空力効率を考慮した全長5120×全幅1720×全高1190mmの流線型のボディは、シングルシーターを採用し、重量わずか1000kgを実現。新素材/新技術をテストするための移動式実験室であり、独自の摩擦低減タイヤ/ステアバイワイヤ/ブレーキバイワイヤを搭載した。

ステアバイワイヤ技術は、ステアリングホイールとステアリングラックモーター間の電子リンクに依存するため、ドライバーがハンドルを切るとシステムは中央のECUに電気信号を伝達、前輪だけでなくエンジン/ブレーキ/サスペンションなどの他の部品も使用して、車体をもっとも効果的に回転させる方法を決定する。

リチウムイオンバッテリーは、セニック Eテックと同じ87kWh容量が積まれ、セルトゥパック技術により高効率かつ省スペースを実現。

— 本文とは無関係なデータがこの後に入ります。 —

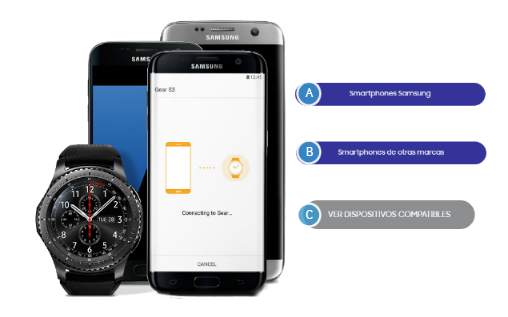 Galaxy Gear S3 Frontier - ¿Cuál es la compatibilidad de los dispositivos móviles?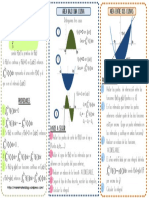 Areas Integrales 2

車体重量1000kg中の600kgはバッテリーウェイトだ。

車体を構成するネジ類は航空機の製造技術からヒントを得ており、空力フェアリングから軽量シャーシまですべての機能がエネルギー効率を最大化するように設計されている。

シートはテクニカルテキスタイルで覆われた薄いカーボンブレードで支えられるなど、1g単位の軽量化策が投入される。コクピットを覆うキャノピーは前方に跳ね上げられるように開閉するが、ドライバーの乗降をサポートするためステアリングホイールも帯同する。

全長5120×全幅1720×全高1190mmの細長い流線型ボディは、電力消費と航続距離の新記録を達成するために過去のレコードブレーカーと航空機のテクノロジーを投入して制作された。

フロントとリアのホイールフェアリングは、アピアランスを特徴づけると同時に空気力学的性能に重要な役割を果たし、幅広のサイドホイールフランジとともに車体の途切れない流線型を構成して電力消費の削減に寄与する。

車両の中央より後方に備わるコクピットはシングルシーターを採用。ドライバーを保護し空力を高めるキャノピーはステアリングホイールもろとも前方に向けて跳ね上がる。

コクピットは航空機と宇宙工学にインスピレーションを得ており、細部に至るまでパフォーマンス、快適性、効率性を最大限に高めるように設計された。真横から眺めるとロング&ローのスタイリングが際立つ。

ステアリングホイールはガングリップのような特異な形状。ドライバーズシートはハンモックのようなスタイルのストレッチキャンバスで作られており、軽量設計でありながら最適なサポートを実現。

温故知新で技術をアピールするルノー

ルノーは同じフランスメーカーのシトロエンと比べ、一見すると堅実なクルマつくりを続けているように映るかもしれないが、じつはフィランテレコード2025のインスパイア元になった40CVデレコードや、エトワールフィランテなどの弾けたモデルも数多く製造している。

今回紹介した実験車両に100年前の速度記録車をオマージュするなど、自らのレガシーを大切にして後世に伝えるべく邁進する姿は、エンスージアストならずとも好ましく思えるはずだ。

最近ではEV普及に対してさまざまな意見が交わされているが、電動化にブランドの行く末を賭けたルノーの今後に注目したい。

ルノーが20世紀に速度記録挑戦車として製造した1925年製40CVデレコード(写真中央)と、同じく1956年製エトワールフィランテ(写真右)。フィランテレコード2025のボディカラーは、40CVデレコードにインスピレーションを受けて採用したものだ。